• _DATA EXTRACTS_:
● ● ● ● ● ● ●

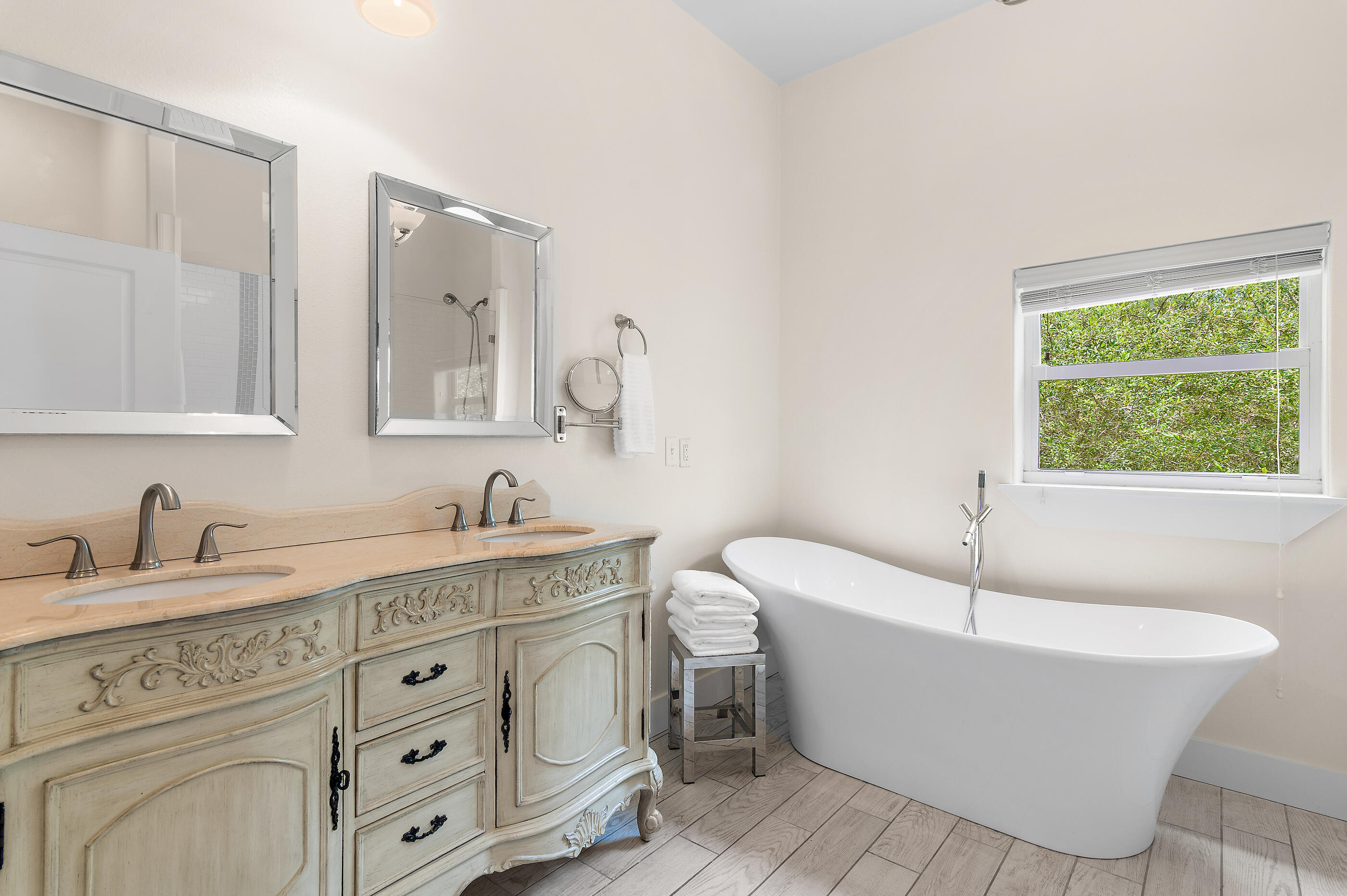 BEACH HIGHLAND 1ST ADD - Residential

● ● ● ● ● ● ●

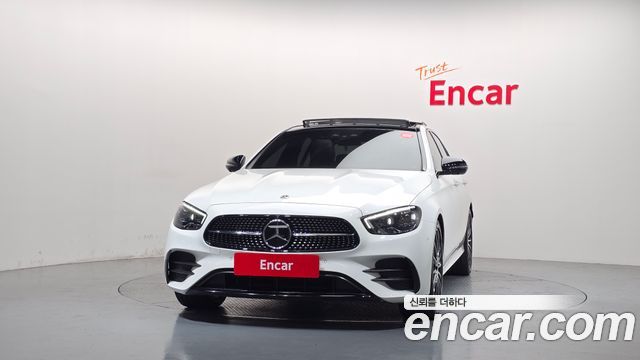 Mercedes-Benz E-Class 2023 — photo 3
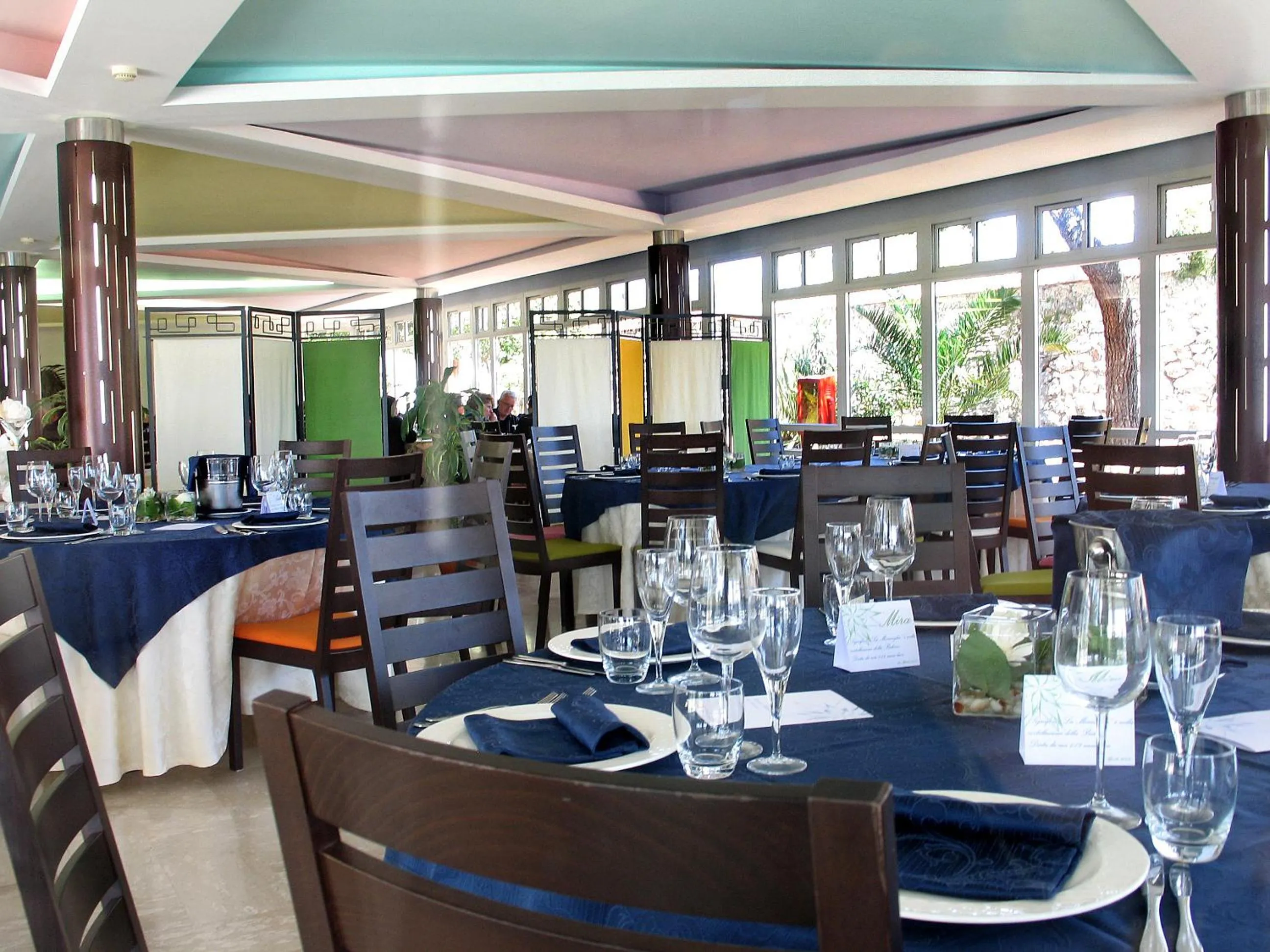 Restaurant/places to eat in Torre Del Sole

● ● ● ● ● ● ●

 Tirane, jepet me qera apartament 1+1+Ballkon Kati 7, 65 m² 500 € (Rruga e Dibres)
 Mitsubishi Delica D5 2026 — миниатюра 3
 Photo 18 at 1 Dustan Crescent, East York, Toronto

● ● ● ● ● ● ●

• _WORK REQUEST_:
From the records above, copy only the lines running from the line holding "Mercedes-Benz E-Class 2023 — photo 3" through the line holding "Restaurant/places to eat in Torre Del Sole", with no pictures.

• _REPLY TO THE EXERCISE_:
 Mercedes-Benz E-Class 2023 — photo 3
 Restaurant/places to eat in Torre Del Sole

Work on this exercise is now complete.